But as noted by Galster et al. (2000), sprawl is more than just a factor of density. If it were, Los Angeles would be considered one of the United State's most anti-sprawl metropolitan areas. Sprawl also contains the dimension of concentration. A metropolitan area that has more of its population that is concentrated appears less sprawled than one with a population that is evenly distributed across its region. This is one reason why the Boston metropolitan area, even though it has extensively sprawled suburbs, seems to be a paragon of good compact development. Boston's high-density urban core mitigates some of the aspects of its low-density periphery. Focusing solely on density by computing average density across entire metropolitan areas (Fulton et al. 2001) violates the information use criterion set out by Coulter (1989) because it does not use all available information and can give misleading results. A sprawl measure should assess how density varies across an urban area, that is, how density is concentrated.

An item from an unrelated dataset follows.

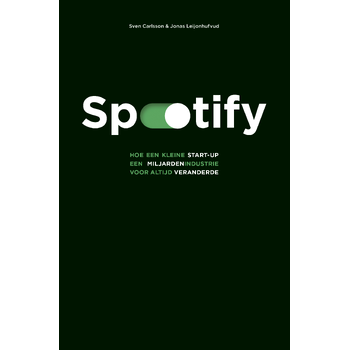 Spotify (Paperback) bij Singel 344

It should be noted that the percentage of a metropolitan area's population residing in the central city is not a good measure of sprawl, although it may sometimes be related to the overall degree of sprawl in an area. Some central cities are developed at low densities, whereas some suburbs have high densities. City boundaries may not be coextensive with a metropolitan area's high residential density area, and some metropolitan areas have high-density residential suburbs. It is necessary to accommodate these differences.

Although the best way to measure sprawl might be from an airplane using sophisticated remote sensing imagery and complex GISs, these technologically reliant methodologies are limited by problems of scale and financial cost. Despite problems of undercount and infrequency, the U.S. census remains one of the best data sources on population. Every 10 years, the census reports detailed information on where and how people live. It is reliable and generally accepted as an authority on a number of demographic and geographic issues including the definition of U.S. metropolitan areas themselves. Metropolitan areas are defined by census as containing one or more central cities with at least a combined population of 50,000 along with surrounding areas. The census also divides the entire United States into four broad regions: Northeast, Midwest, West, and South.

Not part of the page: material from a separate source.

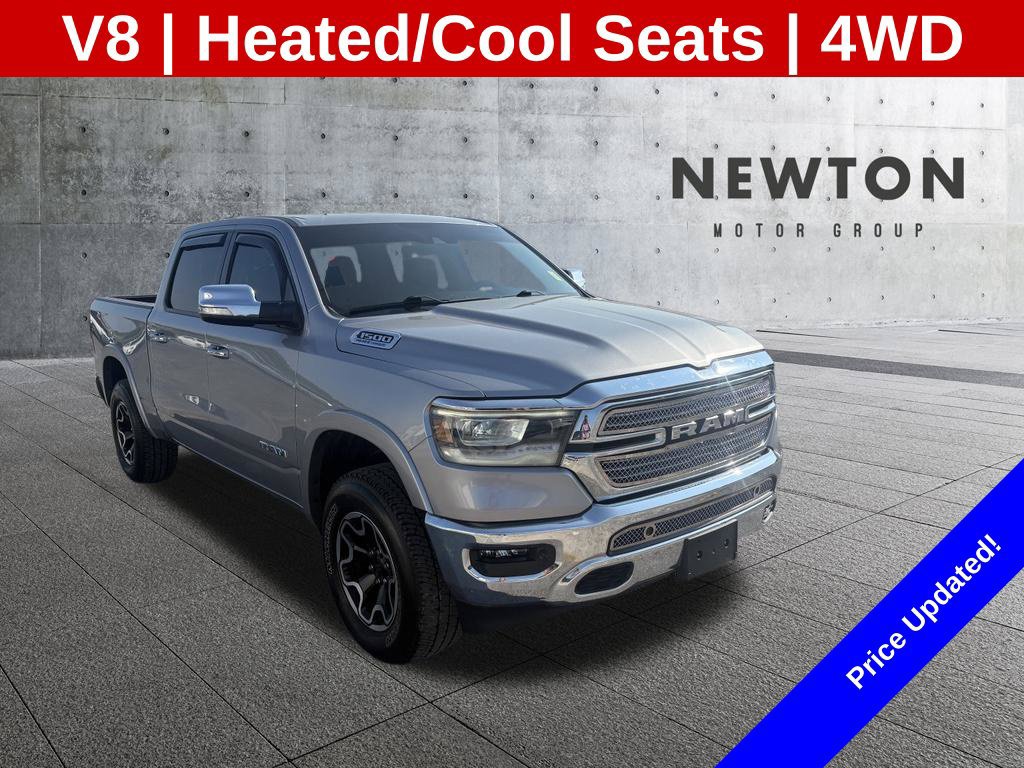 Used 2021 RAM 1500 Laramie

The sprawl index proposed here uses census data to construct a measure of residential sprawl for metropolitan areas. It is based on the density and concentration dimensions of sprawl and is easily calculated. Data are from the 1990 and 2000 U.S. censuses, downloaded from the U.S. Bureau of the Census Internet site (www.census.gov, accessed October 10, 2001). In addition to population counts for each census tract in the country, the files contain data on which metropolitan area, if any, the tract is in. The files also contains an estimate of the land area in each tract derived by drawing a polygon that approximates the size and shape of the land area of the tract and measuring the area of this polygon. Although this is not an exact measure of land area, it is a close approximation. Population density in each census tract was computed by dividing its population by its land area. For each metropolitan area, tracts were sorted into high-density tracts (greater than 3,500 persons per square mile), low-density tracts (between 3,500 and 200 persons per square mile), and rural tracts, which are excluded from this analysis (fewer than 200 persons per square mile). A sprawl index (SI) score was computed for each of 330 out of 331 metropolitan areas.

The sprawl index is defined as

$${\mathrm{SI}}_i=(((\mathrm{S}{\%}_i-\mathrm{D}{\%}_i)∕100)+1))\times 50,$$

where

• SI_i = sprawl index for metropolitan area i,

• D%_i = percentage of the total population in high-density census tracts i,

• S%_i = percentage of total population in low-density census tracts i.

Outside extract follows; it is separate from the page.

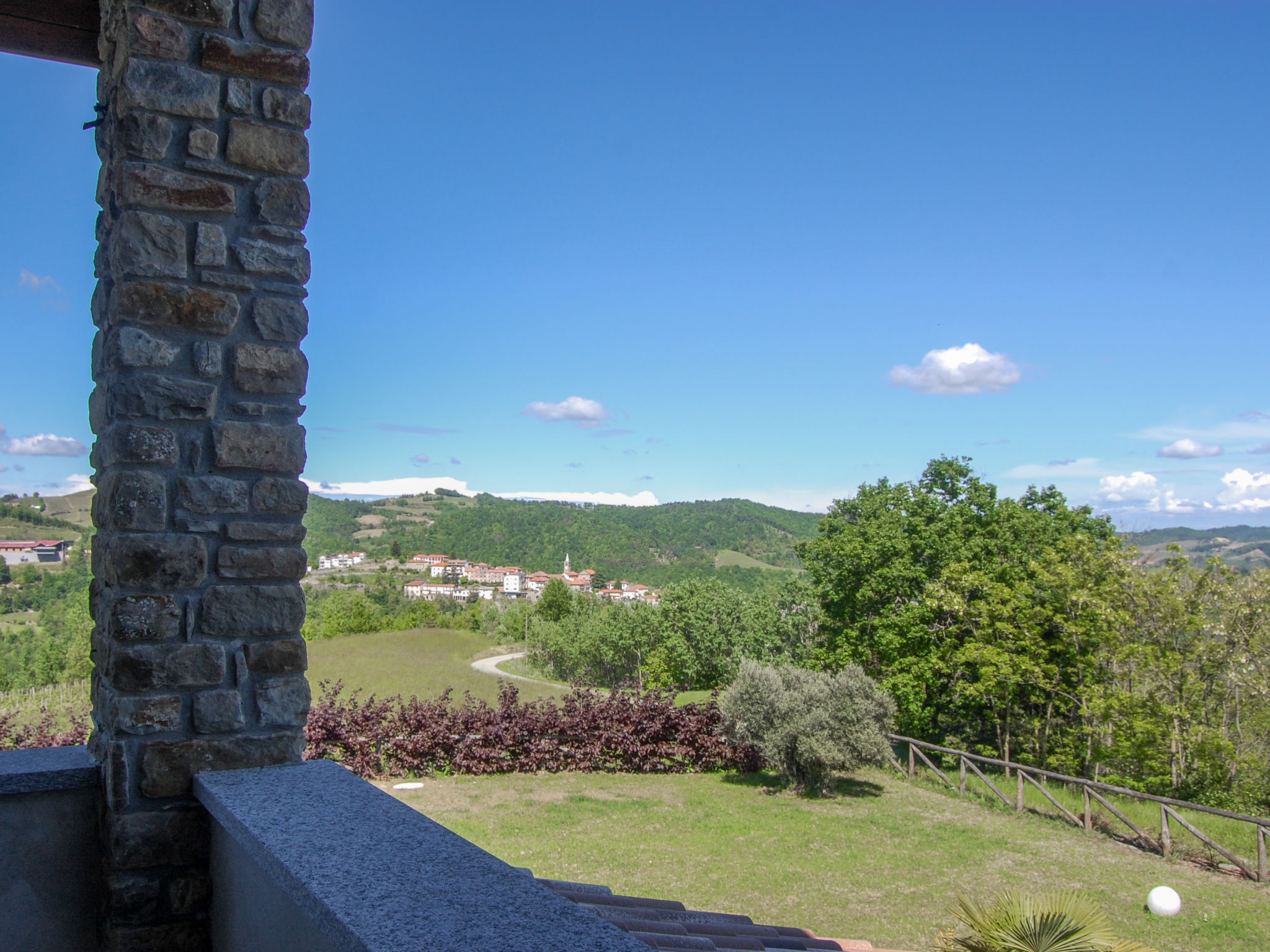 Villa Creviolo - Buiten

It is then transformed by constants to produce a final score on a 0 to 100 scale.

The choice of cutoffs between high density, low density, and rural is not arbitrary. Because metropolitan areas are defined by the census based on political boundaries, most metropolitan areas contain some fraction of rural population and land that should not be included in a sprawl analysis. Two hundred persons per square mile roughly corresponds to one residential unit per four acres—about the lowest residential density of many new suburban housing developments (keeping in mind that no place uses 100% of its land for residential purposes—land includes roads, schools, places of employment, etc.).¹ This was the threshold density used by Galster et al. (2000). The 3,500 persons per square mile cutoff is also subject to debate. The New York Times's analysis of sprawl used 3,200 as its suburban-urban cutoff. Three thousand five hundred roughly corresponds to about five residential units per acre of residential land, and it is close to an estimate of density that is commonly held as needed to support mass transit, a potential component of urbanism and at the high end of the range that promotes pedestrian activity. Walking begins to increase at densities between 1,000 and 3,999 persons per square mile, whereas per capita vehicle miles traveled begins to drop at densities greater than 3,000 persons per square mile (Ross and Dunning 1997; Parsons Brinckerhoff Quade and Douglas, Inc. 1996). Although the actual cutoff point could be debated, this measure is a good starting point for analyzing sprawl.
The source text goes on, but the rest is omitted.